Milestone map — what each part delivers for WISP
| Part | WISP milestone |
|---|---|
| 0 | Create the project; set up the Content/_Wisp/ folder; put it under git. |
| 1 | Decide which framework class each WISP entity uses (the table above). No building yet — just the plan. |
| 2 | Add the Wisp’s first variable (Glow = 100); optionally a C++ base class for it. |
| 3 | Playable 2D prototype: Wisp runs/jumps through a one-screen level, collects 5 motes, reaches a beacon = “Zone Lit.” Package & share. |
| 4 | Rebuild the Wisp’s look in 3D space; make a Mote mesh + material; place a light and watch Lumen react. |
| 5 | First 3D zone: third-person Wisp that moves/dashes, motes that restore Glow, beacons you interact to relight, 3–5 Shades that chase and drain Glow, win when all beacons are lit. |
| 6 | Main menu + pause + win/lose screens; Glow meter HUD; collect/relight sounds + ambient hum (MetaSounds); Shades on Behavior Trees (chase in dark, flee from lit beacons); save the lit-beacon progress. |
| 7 | Niagara trail + mote sparkle + beacon flame; MegaLights for many lit beacons; (optional) a MetaHuman Keeper NPC; Lumen makes relighting visibly transform the world. Optionally turn the zone into a small World Partition open area — worth it only once the zone is large; otherwise the non-partitioned L_Hollow_3D stays your shipping map. |
| 8 | Use Claude Code + Unreal MCP to bulk-build the zone: scatter motes, place the beacon ring, rough-in lighting — then hand-tune. (Do it on a committed branch.) |
| 9 | Profile the lit open zone (stat unit, Insights); fix the worst Game- or GPU-bound offender. |
| 10 | Package a Shipping build of the slice; finalize git + LFS; tidy Content/_Wisp/ to the naming convention. |
| 11 | Write WISP’s “after the slice” roadmap and decide whether to keep going. |
Project setup (do this once, in Part 0)
Content/
_Wisp/ # leading underscore keeps the project's content at the top
Maps/ # L_Hollow_2D, L_Hollow_3D
Blueprints/ # BP_Wisp, BP_Mote, BP_Beacon, BP_Shade, BP_HollowGameMode
Characters/ # sprites/flipbooks (2D), mesh + materials (3D)
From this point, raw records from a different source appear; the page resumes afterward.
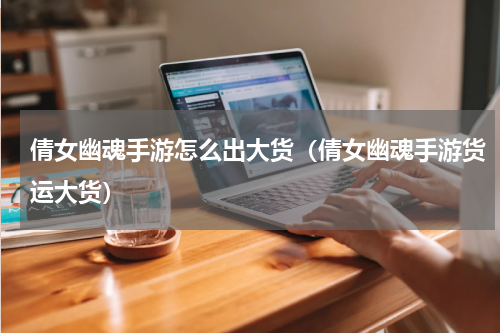 倩女幽魂手游怎么出大货（倩女幽魂手游货运大货）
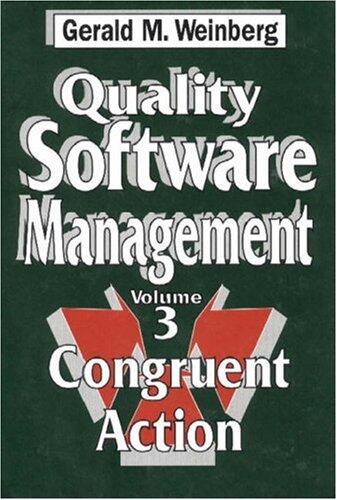 Quality Software Management (Volume 3): Congruent Action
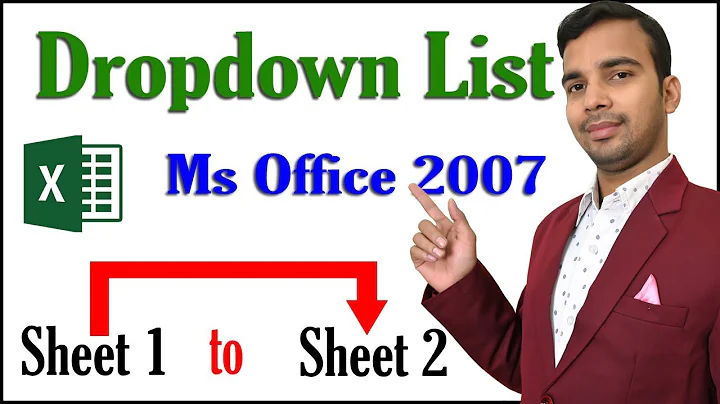 Data validation in Microsoft excel 2007  How to create a drop-down list second sheet in Excel 2007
UI/ # WBP_HUD, WBP_MainMenu, WBP_Pause
Audio/ VFX/ Data/ # MetaSounds, Niagara systems, DataTables, SaveGame
Commit the empty project to git before you build anything (Part 10 has the .gitignore). Every milestone becomes a commit — that’s your safety net, and it’s required before you let an AI agent touch the project in Part 8.
Definition of done (the vertical slice)
The slice is finished when, in a packaged Shipping build, a new player can: start from a menu, move and collect motes, relight every beacon while surviving the Shades, see the zone visibly brighten, reach a win screen, and have their progress saved — all holding a stable frame rate. Hit that and you’ve done what most aspiring devs never do: shipped a complete, self-contained game loop.